**Task description:** As soon as the line containing "The second car, the" appears in the material below, start returning lines exactly, and end with the line containing "Horseweed looks very".

**Data shown:**
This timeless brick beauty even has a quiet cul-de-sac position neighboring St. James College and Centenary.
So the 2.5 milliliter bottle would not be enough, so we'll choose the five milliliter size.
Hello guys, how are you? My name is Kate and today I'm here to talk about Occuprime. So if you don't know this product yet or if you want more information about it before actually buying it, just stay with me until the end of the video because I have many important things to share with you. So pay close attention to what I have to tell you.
--
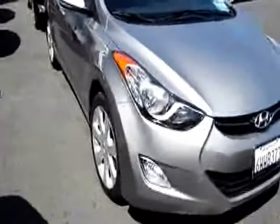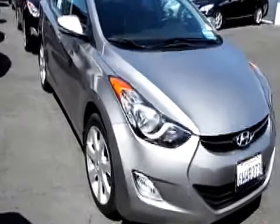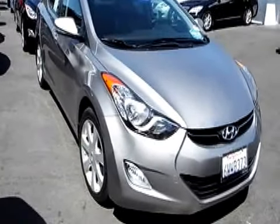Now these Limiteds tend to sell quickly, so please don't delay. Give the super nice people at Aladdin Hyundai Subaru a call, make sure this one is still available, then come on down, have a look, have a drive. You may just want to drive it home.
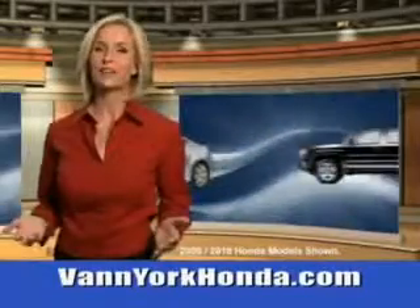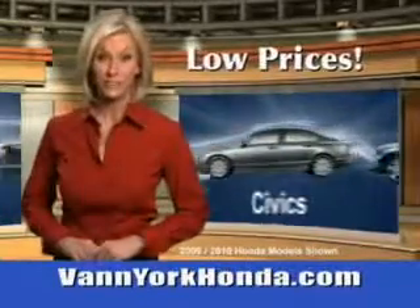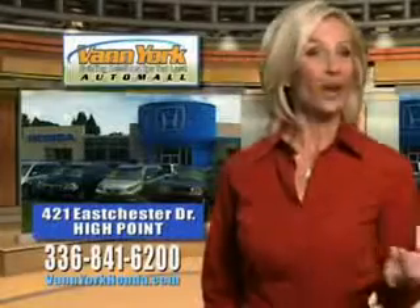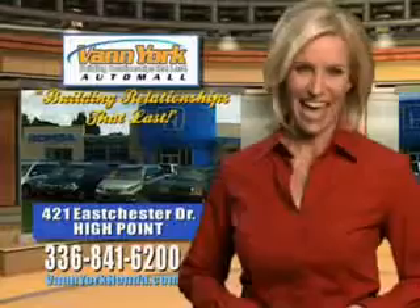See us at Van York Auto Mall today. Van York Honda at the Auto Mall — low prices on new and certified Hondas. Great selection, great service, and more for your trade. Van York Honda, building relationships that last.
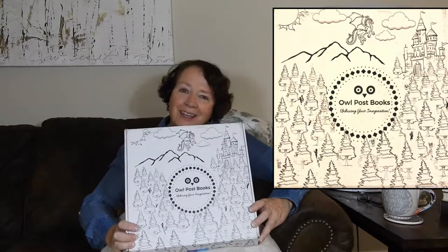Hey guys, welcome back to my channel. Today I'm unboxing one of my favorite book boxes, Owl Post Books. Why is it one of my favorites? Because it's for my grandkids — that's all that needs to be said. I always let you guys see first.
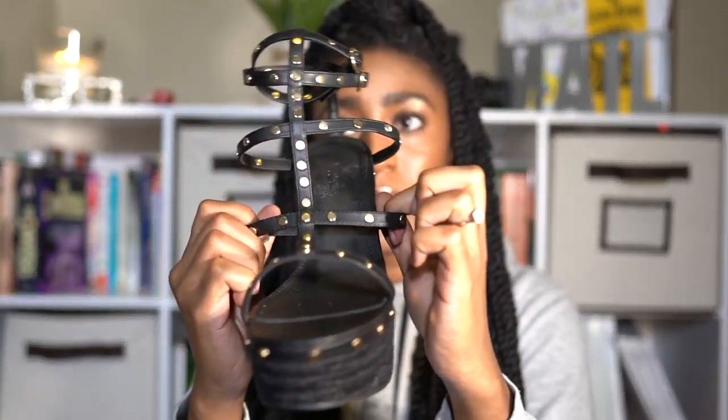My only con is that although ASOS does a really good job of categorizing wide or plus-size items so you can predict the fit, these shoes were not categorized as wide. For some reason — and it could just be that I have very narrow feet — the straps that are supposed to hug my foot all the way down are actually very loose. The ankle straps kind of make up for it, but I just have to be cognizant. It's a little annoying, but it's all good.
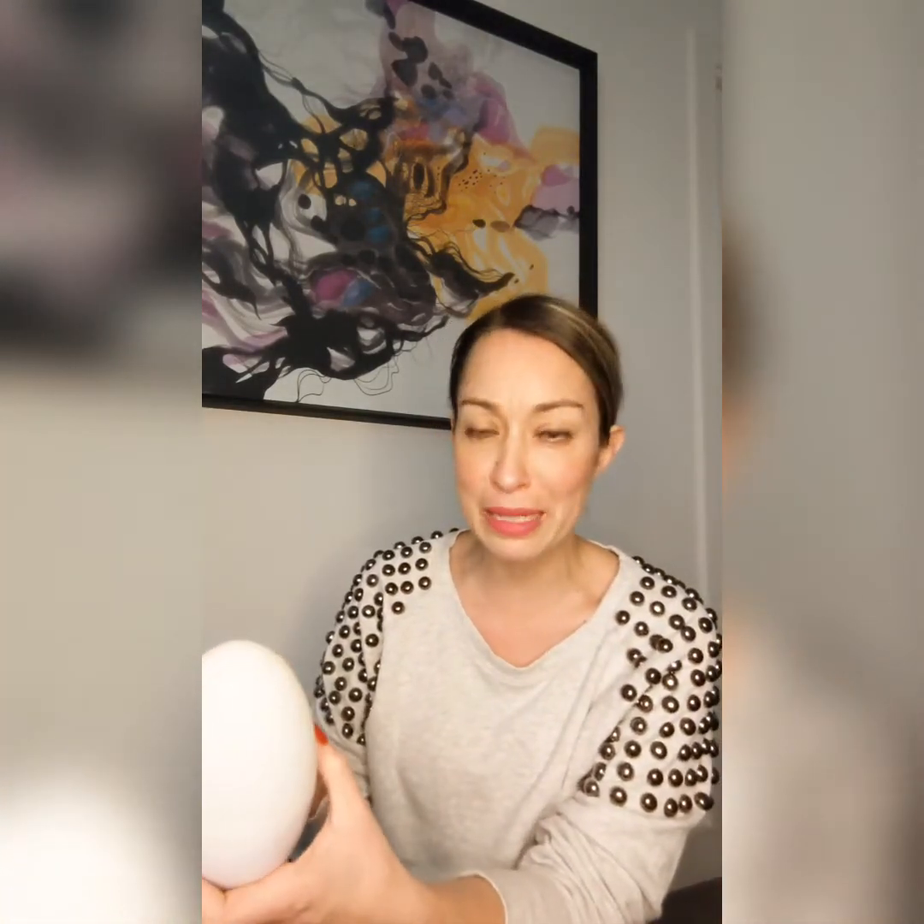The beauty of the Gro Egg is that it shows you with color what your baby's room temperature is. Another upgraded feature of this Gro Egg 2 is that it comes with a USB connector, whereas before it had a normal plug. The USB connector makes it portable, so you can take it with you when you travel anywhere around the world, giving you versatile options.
==
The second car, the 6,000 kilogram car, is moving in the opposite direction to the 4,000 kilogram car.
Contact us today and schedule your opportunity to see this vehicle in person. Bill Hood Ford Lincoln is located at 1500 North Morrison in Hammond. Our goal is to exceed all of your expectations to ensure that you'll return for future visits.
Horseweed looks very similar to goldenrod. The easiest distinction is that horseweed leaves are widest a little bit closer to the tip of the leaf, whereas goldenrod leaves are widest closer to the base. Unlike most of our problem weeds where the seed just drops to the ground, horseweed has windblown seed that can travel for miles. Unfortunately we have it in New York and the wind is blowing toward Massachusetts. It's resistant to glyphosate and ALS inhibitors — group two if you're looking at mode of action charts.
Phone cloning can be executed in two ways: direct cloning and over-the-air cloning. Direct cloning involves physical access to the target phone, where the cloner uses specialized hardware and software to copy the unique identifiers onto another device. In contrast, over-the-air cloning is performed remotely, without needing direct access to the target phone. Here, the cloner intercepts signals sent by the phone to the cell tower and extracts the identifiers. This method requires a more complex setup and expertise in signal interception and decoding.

**Written solution:**
The second car, the 6,000 kilogram car, is moving in the opposite direction to the 4,000 kilogram car.
Contact us today and schedule your opportunity to see this vehicle in person. Bill Hood Ford Lincoln is located at 1500 North Morrison in Hammond. Our goal is to exceed all of your expectations to ensure that you'll return for future visits.
Horseweed looks very similar to goldenrod. The easiest distinction is that horseweed leaves are widest a little bit closer to the tip of the leaf, whereas goldenrod leaves are widest closer to the base. Unlike most of our problem weeds where the seed just drops to the ground, horseweed has windblown seed that can travel for miles. Unfortunately we have it in New York and the wind is blowing toward Massachusetts. It's resistant to glyphosate and ALS inhibitors — group two if you're looking at mode of action charts.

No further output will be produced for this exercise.